Börsendebut von Snap Inc. übertrifft alle Erwartungen

Autor: FinanceScout24 - Veröffentlicht am 04.03.2017

Voller Erfolg beim Börsengang: Nachdem Snap Inc., der Konzern hinter der Snapchat-App, den Ausgabepreis seiner Aktien mit 17 Dollar schon höher als erwartet angelegt hatte, gewann dieser zeitweise noch einmal um bis zu 50 Prozent. Zum Börsenschluss am Donnerstag notierten die Anteile bei einem Plus von 46 Prozent knapp 25 Dollar. Auch, wenn das Plus am Freitag nicht ganz so hoch ausfiel, kann dennoch von einem fulminanten Debut gesprochen werden.

Das sollte die Kritiker fürs Erste verstummen lassen: Während ihres erstens Tages an der Börse legten die Aktien des Snapchat-Mutterunternehmens Snap Inc. zwischenzeitlich um bis zu 50 Prozent zu. Das ist umso erstaunlicher, da der Ausgabewert der Anteile mit 17 Dollar schon deutlich höher als ursprünglich angepeilt angesetzt war. Mit einem Tagesabschluss von +46 Prozent und einem Aktienwert von fast 25 Dollar gelingt Snap so ein mehr als erfolgreicher Börseneinstand.

Da kann nur noch Facebook mithalten

Wie immens der Snapchat-Erfolg wirklich ist, zeigt sich anhand der Vergleiche mit anderen großen Unternehmen. Denn mit einer Bewertung von 34 Milliarden Dollar ist Snap momentan wertvoller als die Deutsche Bank – die muss sich mit 28 Milliarden zufriedengeben. Seinen direkten Konkurrenten läuft die Kommunikations-App ohnehin davon: Seit dem Facebook-Börsengang vor fünf Jahren konnte kein Unternehmen aus der Technologiebranche solche Zahlen am ersten Börsentag verzeichnen.
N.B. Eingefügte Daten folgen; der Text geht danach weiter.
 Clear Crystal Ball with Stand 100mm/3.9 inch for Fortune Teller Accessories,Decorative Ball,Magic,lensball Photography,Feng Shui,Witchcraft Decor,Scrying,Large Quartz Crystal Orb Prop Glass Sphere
Sicherlich half Snap hier aber auch die generelle Stimmung an der Börse: Am Mittwoch hatte der Dow-Jones-Index an der Wall Street zum ersten Mal die 21.000-Punkte-Marke überstiegen. Auch die Technologiebörse Nasdaq verzeichnet einen glänzenden Kurs und der DAX stieg zwischenzeitlich sogar auf Werte, die seit 2015 nicht mehr erreicht worden waren. Mit dem Donnerstag war dank risikofreudiger Anleger also der perfekte Tag zum Börsengang gefunden worden.

Erfolg trotz zahlreicher Kritikpunkte

Noch beachtenswerter wirken die Ergebnisse vor dem Hintergrund, dass die Anleger mit dem Aktienkauf keinerlei Mitbestimmungsrechte am Unternehmen erwerben. Diese Entscheidung der beiden Snap-Chefs Evan Spiegel und Bobby Murphy hatte im Vorfeld für viel Kritik gesorgt.

Das gilt auch für die Tatsache, dass Snap tatsächlich momentan keinen Gewinn verzeichnet. Zwar konnte der Konzern den Jahresumsatz 2016 dank Werbegeschäften steigern, der Verlust aufgrund stagnierender Nutzerzahlen wog mit 514,6 Millionen aber schwerer.